== Segment start ==

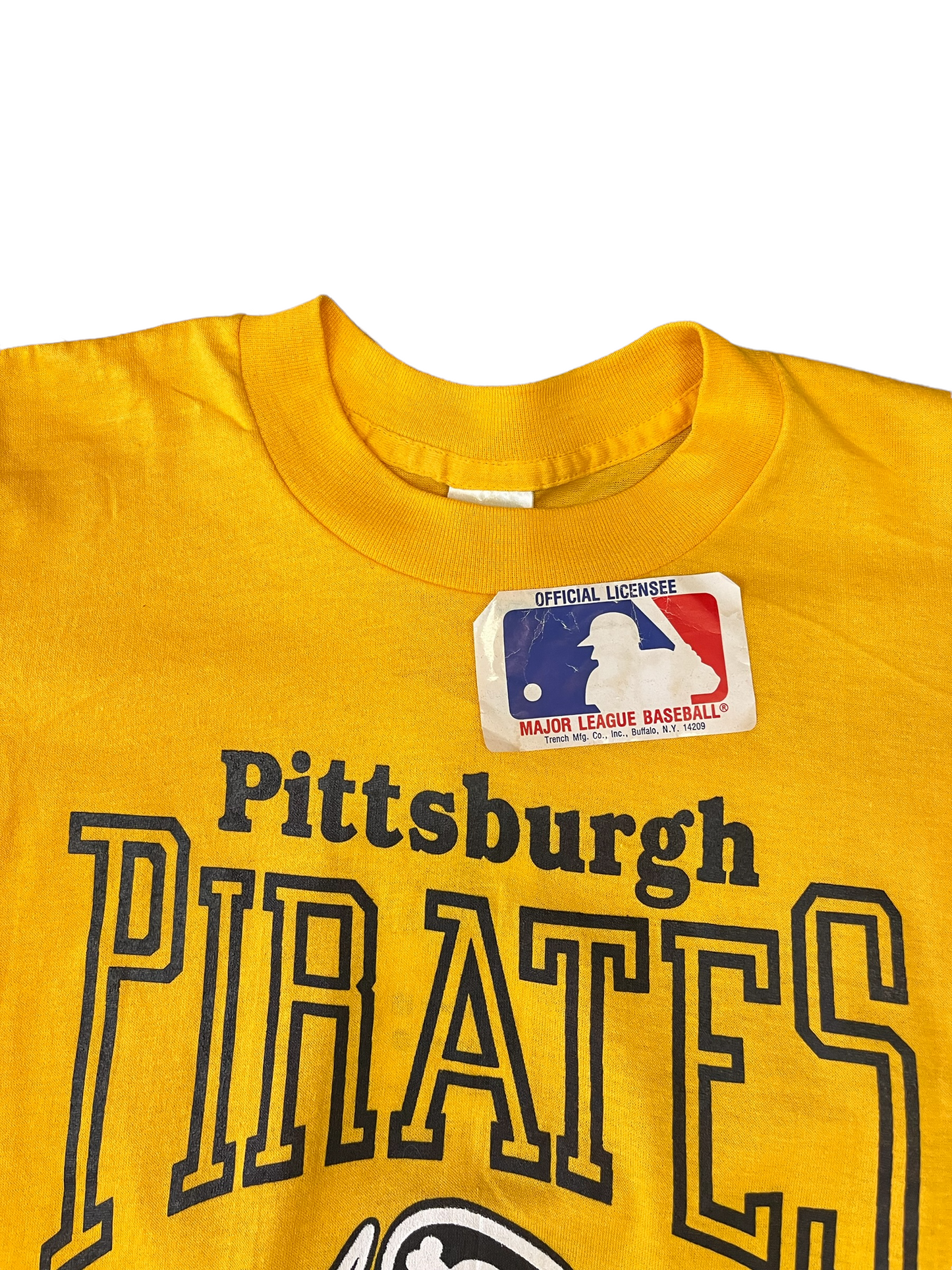 (S) 1980s Brand New Pirates Tee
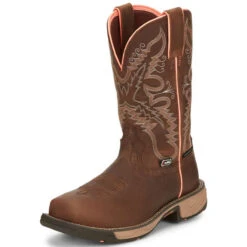 Justin Women's Stampede Rush 11" Waterproof EH Composite Toe Boots - SE4357 15 Justin Women's Stampede Rush 11" Waterproof EH Composite Toe Boots - SE4357 -Matisse Footwear shop ss68cn8t1iiatckydvhv 46201.1699310145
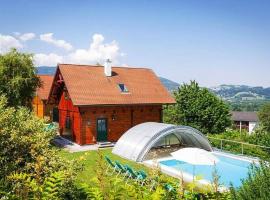 Holiday Village, Schlierbach, hotel sa Schlierbach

== Segment end ==

## Task requirements
The answer is to be the lines of the listing from the first through the one with "shop ss68cn8t1iiatckydvhv 46201.1699310145", reproduced exactly, without any pictures.

## Response to the exercise
 (S) 1980s Brand New Pirates Tee
 Justin Women's Stampede Rush 11" Waterproof EH Composite Toe Boots - SE4357 15 Justin Women's Stampede Rush 11" Waterproof EH Composite Toe Boots - SE4357 -Matisse Footwear shop ss68cn8t1iiatckydvhv 46201.1699310145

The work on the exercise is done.